In „Berg dahuim“ hat es ihn und seine Mitstreiterin Rahel von Gunten hoch hinaufgetrieben. Nicht in den Schweizer Bergen, wo fast alle seine Filme spielen, sondern im südbayrischen Allgäu. Zu den Hirten, die im Gebiet des Taufersbergs unterwegs sind, auf die Sölleralp, die Sennalpe Oberau und in die Kemptner Hütte, wo die Weiden zum Teil bis über 2000 Meter über dem Meer liegen. Die Berggipfel sind nahe. Der Boden, uneben und höckerig, fällt teilweise felsig stutzig ab. Dreharbeiten in einem solchem Gelände müssen strapaziös und anstrengend sein. Nicht nur, weil die Tiere frei herumlaufen oder ziehende Herden ihr Tempo nicht drosseln, wenn ein Filmteam seine Geräte aufbaut; mehrere Takes sind selten möglich. Zudem gibt es nicht überall Strom, das Wetter ist unvorhersehbar, und auch körperlich halten die Filmer nicht mit den gebirgsgewohnten Hirten mit.

Nachts wölbt sich der Himmel sternenklar

Dennoch ist „Im Berg dahuim“ visuell sensationell. Die Bilder sind postkartenschön, der Blick der Kamera verliert sich immer wieder am Horizont trutziger Gebirgsketten. Mächtig ragen Berge in den Himmel.

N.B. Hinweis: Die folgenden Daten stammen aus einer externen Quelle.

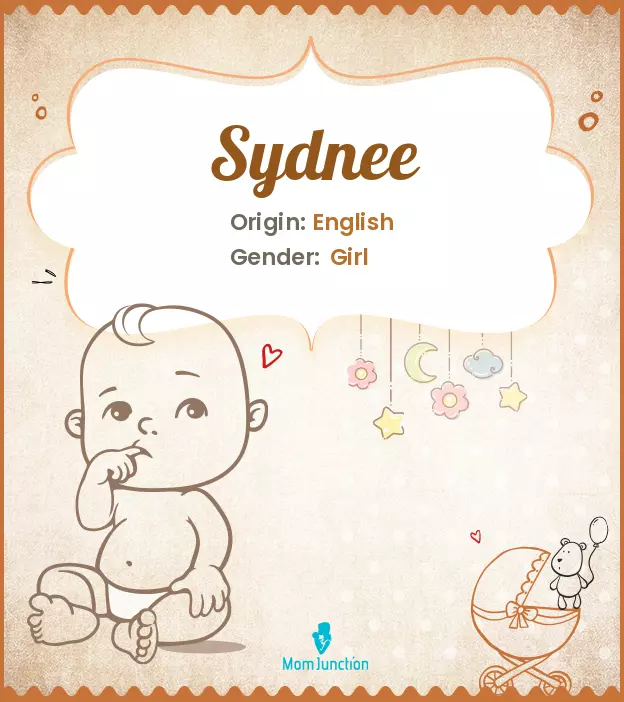 Explore Sydnee: Meaning, Origin & Popularity | MomJunction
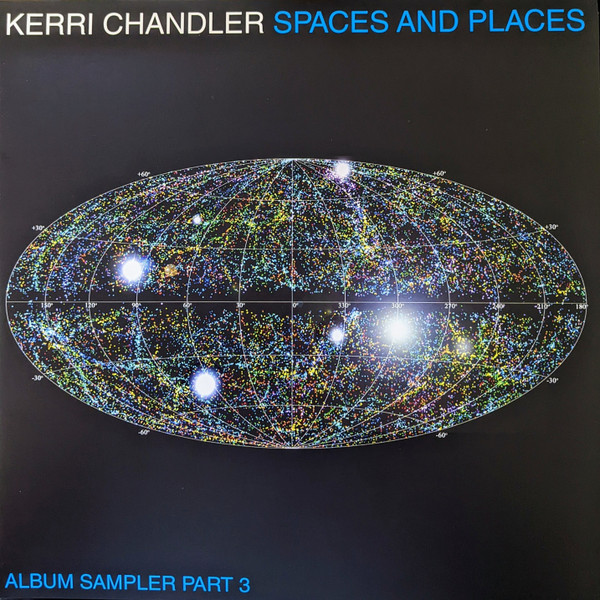 Kerri Chandler - Spaces And Places (Album Sampler Part 3) | Kaoz Theory (KTLP001V3)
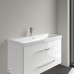 Раковина Villeroy&Boch Avento 100 Альпийский белый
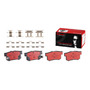 Kit Herrajes De Balatas Honda Accord 1999-2002 Coupe Del Ck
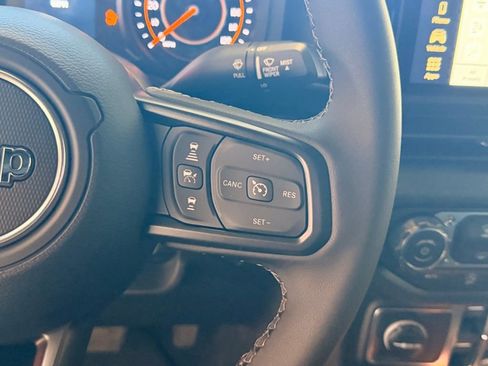 New 2026 Jeep Wrangler Unlimited Sport AWD/4WD image 19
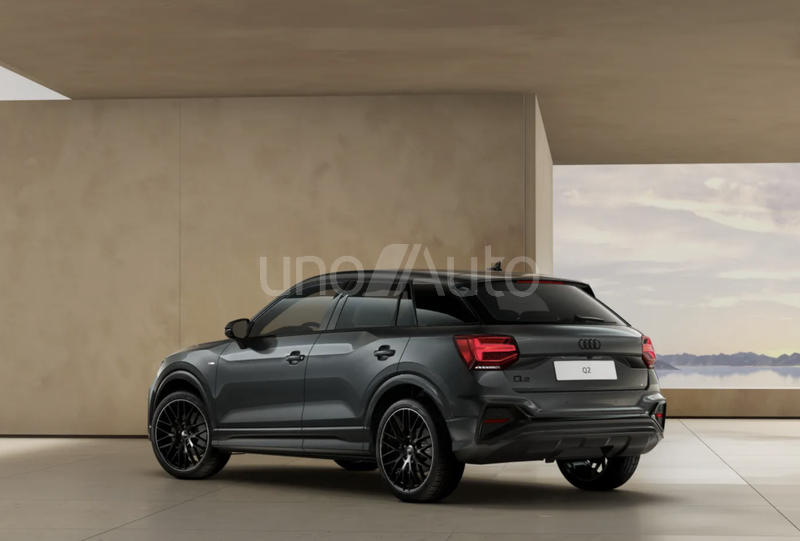 Q2 35 TFSI Black line edition S tronic 110kW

Intensiv erscheint das Grün der Wiesen und Wälder; bunt blühende Blumen finden sich als verzierende Sprenkel. Glühend geht morgens die Sonne auf und verschwindet am Abend in schwelendem Rot. Wo tagsüber segelschiffgleich Wolken treiben, wölbt sich der Himmel nachts sternenklar.

Beeindruckend sind insbesondere Luftaufnahmen, in denen sich talwärts ziehende Herden wie Wasser in die Landschaft ergießen. Als „Viehscheid“ bezeichnet man im Allgäu das, was man in der Schweiz unter „Alpabzug“ versteht: den Tag, an dem die Alphirten das ihnen während des Sommers anvertraute Vieh den Bauern zurückbringen. Sofern die Hirten alle Tiere heil und gesund wieder ins Tal bringen, ist das ein Moment der Freude, der im Allgäu mit einem Volksfest gefeiert wird.

Dezent wird in „Im Berg dahuim“ erwähnt, was bei der Viehscheid für deftige Kraftausdrücke sorgen dürfte: Dass der traditionelle Anlass immer mehr zur Tourismusattraktion verkommt. Dass die Zuschauer den Hirten die Arbeit erschweren und die durch den Abstieg schon erregten Tiere noch nervöser machen. Für die Hirten ist dieser Tag ein emotional aufwühlender Krampf; zudem gesellt sich zur Erleichterung doch auch eine langsam aufsteigende Wehmut, die sich erst legt, wenn es im nächsten Frühsommer wieder auf die Alp geht.

Feines Gespür für Stimmungen und das Positive

Allerdings sucht man solche Worte wie „Krampf“, Kraftausdrücke und Klagen in „Im Berg dahuim“ vergebens. Dafür ist Thomas Rickenmann der falsche Mann. Der Filmemacher hat sich schon in seinen bisherigen Filmen, etwa „Silvesterchlausen“, „Z’Alp“ oder „Alpzyt“, als überzeugter Idealist erwiesen. Er pflegt die schildernde Betrachtung, nicht die kritische Beobachtung. Er besitzt ein geschultes Auge für das Schöne und ein feines Gespür für das, was man „Mood“ nennt. Er verfügt über ein gutes Musikgehör und verwendet Musik selten als Hintergrundsound. Außerdem versteht er es, seine Protagonisten ihr (Er-)Leben grundsätzlich positiv beschreiben zu lassen.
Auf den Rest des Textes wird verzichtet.